In so far as a user supplies a unit, rather than it being baked it, can we give better guidance, formalize this more in the schema, and make better use of international standards.
For example, right now we recommend "meter" as the unit for depth.
e.g
air | alt | altitude | Altitude is a term used to identify heights of objects such as airplanes, space shuttles, rockets, atmospheric balloons and heights of places such as atmospheric layers and clouds. It is used to measure the height of an object which is above the earth’s surface. In this context, the altitude measurement is the vertical distance between the earth's surface above sea level and the sampled position in the air | measurement value | {float} {unit} | 100 meter | M | meter | 1 | 0 | MIXS:0000094 |
---|
Why is this? Why not use SI or UCUM standard units such as "m".
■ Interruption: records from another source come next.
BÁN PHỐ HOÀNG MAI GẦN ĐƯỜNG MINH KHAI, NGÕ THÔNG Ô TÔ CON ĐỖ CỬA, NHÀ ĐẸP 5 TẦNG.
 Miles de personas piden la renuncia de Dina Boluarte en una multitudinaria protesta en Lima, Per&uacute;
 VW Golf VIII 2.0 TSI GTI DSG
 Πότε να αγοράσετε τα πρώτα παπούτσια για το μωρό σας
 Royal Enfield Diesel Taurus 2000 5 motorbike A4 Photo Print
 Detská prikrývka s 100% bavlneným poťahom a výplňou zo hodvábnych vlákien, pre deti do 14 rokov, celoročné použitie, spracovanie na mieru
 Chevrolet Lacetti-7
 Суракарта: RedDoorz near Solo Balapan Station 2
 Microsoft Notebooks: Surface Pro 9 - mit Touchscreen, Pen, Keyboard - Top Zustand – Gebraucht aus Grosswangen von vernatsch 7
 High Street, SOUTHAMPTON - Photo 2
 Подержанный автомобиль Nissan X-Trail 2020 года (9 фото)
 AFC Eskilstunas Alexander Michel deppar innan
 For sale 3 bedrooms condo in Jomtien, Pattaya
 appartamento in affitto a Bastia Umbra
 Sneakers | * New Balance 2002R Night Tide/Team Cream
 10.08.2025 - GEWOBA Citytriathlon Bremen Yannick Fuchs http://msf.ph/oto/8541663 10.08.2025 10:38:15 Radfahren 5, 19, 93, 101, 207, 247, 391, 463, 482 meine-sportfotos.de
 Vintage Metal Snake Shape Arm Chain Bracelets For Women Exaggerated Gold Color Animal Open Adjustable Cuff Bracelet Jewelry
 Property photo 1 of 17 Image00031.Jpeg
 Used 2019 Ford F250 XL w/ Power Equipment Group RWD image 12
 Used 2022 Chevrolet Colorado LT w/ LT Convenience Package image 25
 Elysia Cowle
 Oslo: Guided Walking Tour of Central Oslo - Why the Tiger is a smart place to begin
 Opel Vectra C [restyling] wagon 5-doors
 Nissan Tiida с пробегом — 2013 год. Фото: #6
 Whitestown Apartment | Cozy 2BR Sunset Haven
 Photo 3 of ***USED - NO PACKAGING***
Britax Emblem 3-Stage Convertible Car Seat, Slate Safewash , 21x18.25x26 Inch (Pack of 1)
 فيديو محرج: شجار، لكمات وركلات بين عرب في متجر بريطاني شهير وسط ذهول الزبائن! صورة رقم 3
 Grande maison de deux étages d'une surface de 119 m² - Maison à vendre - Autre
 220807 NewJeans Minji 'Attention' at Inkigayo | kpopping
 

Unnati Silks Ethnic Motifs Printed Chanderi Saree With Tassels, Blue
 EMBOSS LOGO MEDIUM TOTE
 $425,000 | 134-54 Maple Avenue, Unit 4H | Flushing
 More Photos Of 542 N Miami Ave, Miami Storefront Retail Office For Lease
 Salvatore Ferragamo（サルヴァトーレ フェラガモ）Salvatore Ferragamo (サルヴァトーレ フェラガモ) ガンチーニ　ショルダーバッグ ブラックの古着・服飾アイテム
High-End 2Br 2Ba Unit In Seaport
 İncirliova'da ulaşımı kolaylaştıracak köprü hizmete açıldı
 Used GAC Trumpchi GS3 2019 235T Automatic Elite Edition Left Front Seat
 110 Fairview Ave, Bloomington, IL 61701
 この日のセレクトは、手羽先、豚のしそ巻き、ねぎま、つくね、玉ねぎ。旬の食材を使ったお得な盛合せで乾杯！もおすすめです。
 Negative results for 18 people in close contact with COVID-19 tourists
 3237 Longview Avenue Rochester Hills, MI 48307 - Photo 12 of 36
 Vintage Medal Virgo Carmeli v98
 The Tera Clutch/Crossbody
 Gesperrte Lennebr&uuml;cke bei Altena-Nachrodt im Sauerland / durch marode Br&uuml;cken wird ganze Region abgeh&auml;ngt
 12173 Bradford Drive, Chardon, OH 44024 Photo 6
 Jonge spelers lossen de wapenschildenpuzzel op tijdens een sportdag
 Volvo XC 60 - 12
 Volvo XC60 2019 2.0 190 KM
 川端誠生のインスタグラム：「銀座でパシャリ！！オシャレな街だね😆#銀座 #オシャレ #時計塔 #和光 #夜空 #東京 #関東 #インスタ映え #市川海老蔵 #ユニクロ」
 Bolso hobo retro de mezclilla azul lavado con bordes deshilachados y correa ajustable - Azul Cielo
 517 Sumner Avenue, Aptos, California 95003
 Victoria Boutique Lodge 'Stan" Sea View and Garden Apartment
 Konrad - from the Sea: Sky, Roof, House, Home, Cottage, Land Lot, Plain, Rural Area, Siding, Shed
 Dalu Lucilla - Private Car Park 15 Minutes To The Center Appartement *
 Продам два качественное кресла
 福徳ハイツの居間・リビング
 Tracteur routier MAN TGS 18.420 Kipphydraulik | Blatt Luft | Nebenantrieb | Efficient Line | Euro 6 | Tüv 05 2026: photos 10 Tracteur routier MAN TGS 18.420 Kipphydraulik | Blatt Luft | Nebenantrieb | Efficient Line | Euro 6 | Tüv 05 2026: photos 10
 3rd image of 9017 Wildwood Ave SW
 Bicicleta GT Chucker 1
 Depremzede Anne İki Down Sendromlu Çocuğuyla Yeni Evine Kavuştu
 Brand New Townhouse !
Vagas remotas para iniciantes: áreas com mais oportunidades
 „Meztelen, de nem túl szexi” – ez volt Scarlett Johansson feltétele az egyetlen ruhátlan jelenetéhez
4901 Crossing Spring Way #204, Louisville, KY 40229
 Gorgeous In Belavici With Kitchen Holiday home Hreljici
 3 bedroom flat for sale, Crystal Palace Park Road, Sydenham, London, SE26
Recommending 'meter' and the like will lead to orthographic errors e.g. meters, metres, metre, meter. It is not very international as other languages will have different labels.
It seems that most people have ignored MIXS here anyway. When I look at depth in INSDC, I see ~3k samples have a depth field of the form number m
; ~1k of the form number cm
. In contrast there are ~300 samples using some variant of (meter|meter)[s]
@kaiam should we include a reference to the unit URIs you have been working on
Sorry I didn't see this before I wasn't tagged properly, see my comments in https://github.com/GenomicsStandardsConsortium/mixs/issues/154.
Some options:
Would be great to be consistent across all terms.